**ACTION ITEM**
What needs reproducing is the run of lines in the data below starting at the line with "Maimuna Mosser, Country" and ending at the line with "la macchina che mi porterà alla chiesa", both ends included. Copy it exactly, without pictures, and add nothing.

**DATA IN THIS EXERCISE**

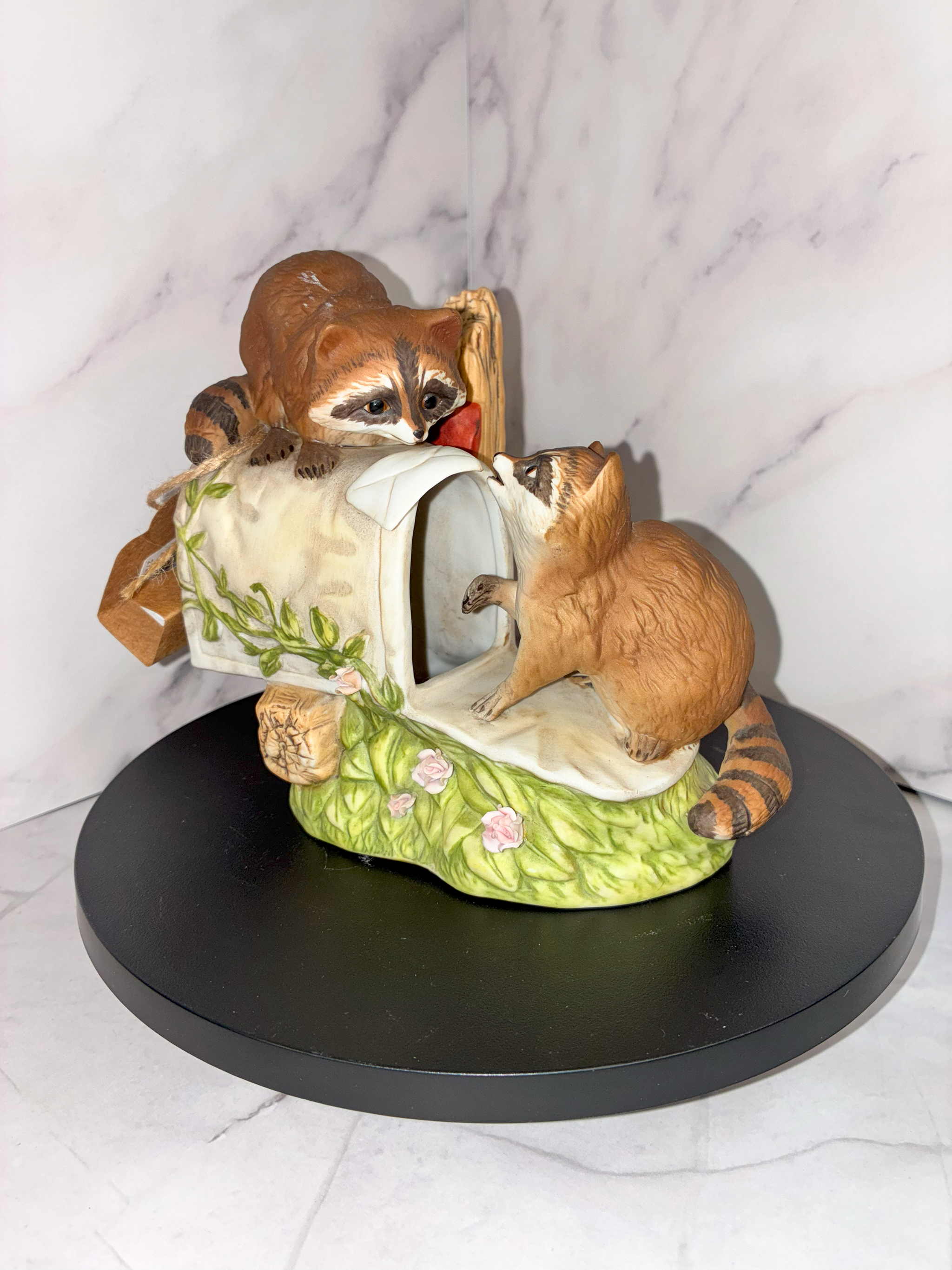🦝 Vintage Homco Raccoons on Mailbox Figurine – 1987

--

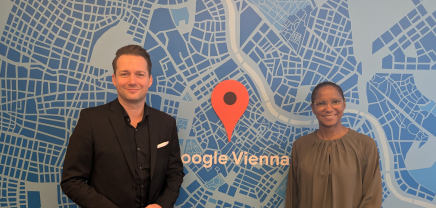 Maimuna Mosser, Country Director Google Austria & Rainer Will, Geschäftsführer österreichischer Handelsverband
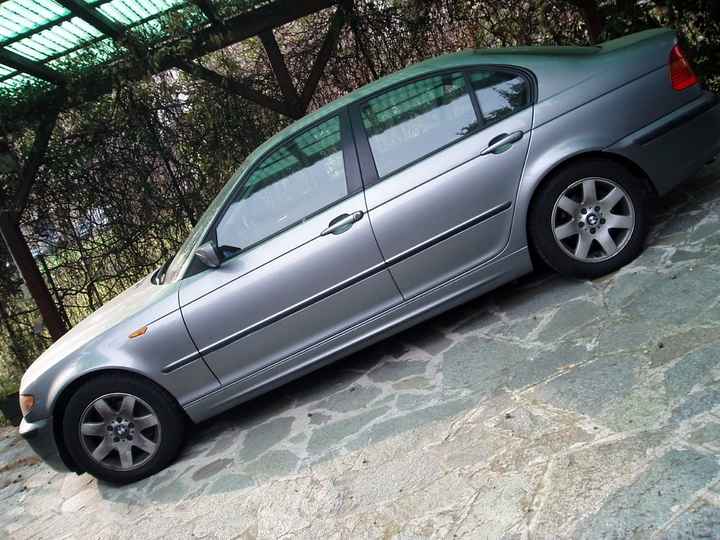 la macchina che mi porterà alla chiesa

* * *

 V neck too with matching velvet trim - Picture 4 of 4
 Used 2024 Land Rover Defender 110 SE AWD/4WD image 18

**RESPONSE TO THIS TASK**
 Maimuna Mosser, Country Director Google Austria & Rainer Will, Geschäftsführer österreichischer Handelsverband
 la macchina che mi porterà alla chiesa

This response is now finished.